I'm glad that the budget committee focused our attention on this building, because it caused me to think about it from another angle--preservation. This building is a wonderful example of mid-century modern architecture in a town that, thanks to a building boom prompted by the GI Bill, has quite a nice collection of the architecture of this important period. At Wednesday night's meeting I presented a petition requesting the Council to consider granting a historic preservation easement on this property to Preservation North Carolina.

My petition, which Mayor Foy co-sponsored, included an excerpt from a manuscript on Chapel Hill architecture by M. Ruth Little--a work in progress funded by the Preservation Society of Chapel Hill and the N.C. Office of Archives and History.

Architect Don Stewart designed the library on a prominent location at the northwest corner of East Franklin Street and Boundary Street. The old frame Hendon House was demolished to make way for the library. Naturally, some citizens opposed the introduction of modern architecture into the heart of the Chapel Hill Historic District, but the building has become a beloved landmark. The building’s natural insinuation into its sloping site and use of native materials continue the organic modernist tradition of Frank Lloyd Wright, exhibited in such buildings as the Fallingwater residence in Pennsylvania. The rectangular building features a fieldstone lower level supporting a wood shingled main level with angled walls capped by a metal Mansard roof with a wide roof overhang. The entrance and windows are deeply recessed into the walls. Stone walkways, planters, and retaining walls inegrate the building into the site.

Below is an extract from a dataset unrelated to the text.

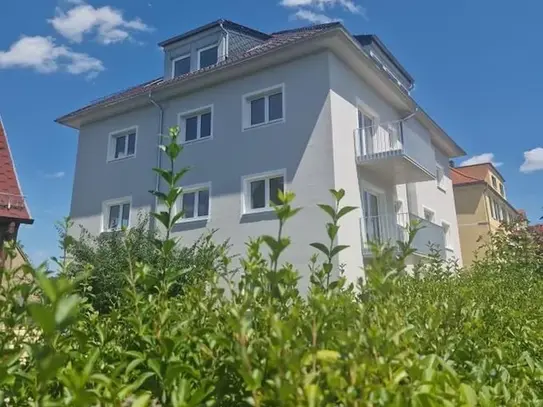 Bemerkenswerte Neubauwohnung, Balkon, FuÃbodenheizung, ruhige Umgebung!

Stewart's work in Chapel Hill includes other public buildings (including the Totten Center at the Botanical Garden) and several private residences.

Don Stewart’s early work, such as the 1953 Kai Jurgenson House, 410 Whitehead Circle, fused the organic modernism of the Bay area style with the regional modernism of Gropius and his students at Harvard University. Around 1960 Stewart’s design took a strong Asian turn. The house he designed for Robert Mace, a physicist, and his wife Ruth at 222 Hillcrest Circle, a small subdivision off East Franklin Street, has an open floor plan on one level, with small changes in level according to zone. A tall porch extends across the south, rear elevation to shield the living areas from the sun. The wide roof overhang and privacy screen beside the front entrance have a Japanese character. Stewart says of his trademark wide overhanging roof, “I always tried to put a hat on a house.”


According to my colleague Cam Hill, who admires Stewart's houses particularly because he has worked on some of them, Stewart in old age lost his eyesight.

Myrick Howard, executive director of Preservation NC, has told me he's delighted at the prospect of holding an easment to this building, calling it "a landmark of its vintage." Catherine Frank, director of the Preservation Society of Chapel Hill, spoke on Wednesday night in favor of the idea. I believe it would be the first public building in Chapel Hill to have such an easement.


A preservation easement would ensure that the building is not torn down no matter who owns it.


The easement would also protect the large trees on the property.


East entrance to lower level, home of Chapel Hill Historical Society.

MORE on mid-century modern in Chapel Hill.

UPDATE April 2007: The easement agreement between the Town of Chapel Hill and Preservation North Carolina has been signed, sealed and delivered to the Orange County Deeds office.